The role is played on master-03 and tries to reach postgres on the same node which leads to a "Connection refused". If I manually test this (sorry it's in french) I have the same error :

[root@PF9SOBDP047 data]# psql -h master-03.applispfref.sipfref.local -U rangeradmin -d ranger
psql: n'a pas pu se connecter au serveur : Connexion refusée
        Le serveur est-il actif sur l'hôte « master-03.applispfref.sipfref.local » (10.132.149.104)
        et accepte-t-il les connexionsTCP/IP sur le port 5432 ?

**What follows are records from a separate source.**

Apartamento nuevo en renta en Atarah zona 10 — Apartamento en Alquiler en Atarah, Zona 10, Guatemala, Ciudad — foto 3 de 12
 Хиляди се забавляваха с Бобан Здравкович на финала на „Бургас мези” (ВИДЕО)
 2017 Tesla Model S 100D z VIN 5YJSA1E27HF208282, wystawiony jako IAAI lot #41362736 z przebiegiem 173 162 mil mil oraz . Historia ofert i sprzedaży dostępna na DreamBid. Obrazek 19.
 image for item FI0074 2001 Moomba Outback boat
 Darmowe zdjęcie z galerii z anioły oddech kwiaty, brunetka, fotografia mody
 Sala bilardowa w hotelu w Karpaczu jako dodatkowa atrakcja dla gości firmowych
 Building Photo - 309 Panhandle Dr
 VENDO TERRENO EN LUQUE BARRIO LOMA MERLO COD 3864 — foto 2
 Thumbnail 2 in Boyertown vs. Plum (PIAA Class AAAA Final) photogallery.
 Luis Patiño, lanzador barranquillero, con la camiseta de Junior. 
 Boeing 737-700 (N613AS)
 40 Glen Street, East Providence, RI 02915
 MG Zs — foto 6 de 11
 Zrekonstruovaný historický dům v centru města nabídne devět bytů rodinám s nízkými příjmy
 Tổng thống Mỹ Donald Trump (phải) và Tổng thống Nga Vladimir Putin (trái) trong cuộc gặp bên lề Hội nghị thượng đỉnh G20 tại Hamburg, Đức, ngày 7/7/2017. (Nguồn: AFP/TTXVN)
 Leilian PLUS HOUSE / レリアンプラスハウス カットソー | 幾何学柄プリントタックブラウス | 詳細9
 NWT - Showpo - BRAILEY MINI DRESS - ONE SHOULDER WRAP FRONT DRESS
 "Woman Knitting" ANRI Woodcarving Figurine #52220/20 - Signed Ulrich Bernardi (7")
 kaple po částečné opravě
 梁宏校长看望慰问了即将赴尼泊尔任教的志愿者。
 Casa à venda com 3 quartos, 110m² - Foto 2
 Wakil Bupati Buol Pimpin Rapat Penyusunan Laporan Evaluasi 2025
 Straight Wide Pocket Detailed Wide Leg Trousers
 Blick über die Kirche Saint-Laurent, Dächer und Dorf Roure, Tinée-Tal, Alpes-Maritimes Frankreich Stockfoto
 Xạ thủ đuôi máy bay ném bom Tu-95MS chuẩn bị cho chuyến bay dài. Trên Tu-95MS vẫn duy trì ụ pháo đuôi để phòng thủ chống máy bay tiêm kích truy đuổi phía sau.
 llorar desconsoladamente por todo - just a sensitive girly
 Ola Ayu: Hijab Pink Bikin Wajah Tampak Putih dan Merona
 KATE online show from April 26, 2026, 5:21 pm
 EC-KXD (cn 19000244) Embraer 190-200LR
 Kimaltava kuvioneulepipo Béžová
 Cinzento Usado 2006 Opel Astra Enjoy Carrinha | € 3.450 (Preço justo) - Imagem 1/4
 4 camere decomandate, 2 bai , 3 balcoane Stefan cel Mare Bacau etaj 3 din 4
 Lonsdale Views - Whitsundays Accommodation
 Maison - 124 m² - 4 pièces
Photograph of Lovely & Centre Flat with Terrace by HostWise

But when I try with localhost it works fine :

[root@PF9SOBDP047 data]# psql -h localhost -U rangeradmin -d ranger
Mot de passe pour l'utilisateur rangeradmin : 
psql (9.2.24)
Saisissez « help » pour l'aide.

ranger=> 

pinging works as intended :

[root@PF9SOBDP047 data]# ping master-03.applispfref.sipfref.local
PING master-03.applispfref.sipfref.local (10.132.149.104) 56(84) bytes of data.
64 bytes from master-03.applispfref.sipfref.local (10.132.149.104): icmp_seq=1 ttl=64 time=0.017 ms
64 bytes from master-03.applispfref.sipfref.local (10.132.149.104): icmp_seq=2 ttl=64 time=0.038 ms
64 bytes from master-03.applispfref.sipfref.local (10.132.149.104): icmp_seq=3 ttl=64 time=0.027 ms
^C
--- master-03.applispfref.sipfref.local ping statistics ---
3 packets transmitted, 3 received, 0% packet loss, time 2000ms
rtt min/avg/max/mdev = 0.017/0.027/0.038/0.009 ms

Here is my pg_hba.conf file (replaced IPs with xx) :

#
# Ansible managed
#
# PostgreSQL Client Authentication Configuration File
# ===================================================
#
# See: https://www.postgresql.org/docs/current/static/auth-pg-hba-conf.html

local all postgres    peer 
local all all    peer 
host all all 127.0.0.1/32   md5 
host all all ::1/128   md5 
# BEGIN ANSIBLE MANAGED BLOCK master-02
host all all xx.xx.xx.xx/32 trust
host all all master-02.applispfref.sipfref.local trust
# END ANSIBLE MANAGED BLOCK master-02
# BEGIN ANSIBLE MANAGED BLOCK master-03
host all all xx.xx.xx.xx/32 trust
host all all master-03.applispfref.sipfref.local trust
# END ANSIBLE MANAGED BLOCK master-03

Why can I not interact with PostgreSQL using master-03.applispfref.sipfref.local but only with localhost (when on the same node) ?

jusstol commented 2 years ago

Well I've been struggling with this for the past 2 hours and had to submit this issue to find the fix on my own! There is this new boolean that fixed the issue when set to true : config_tdp_getting_started=true.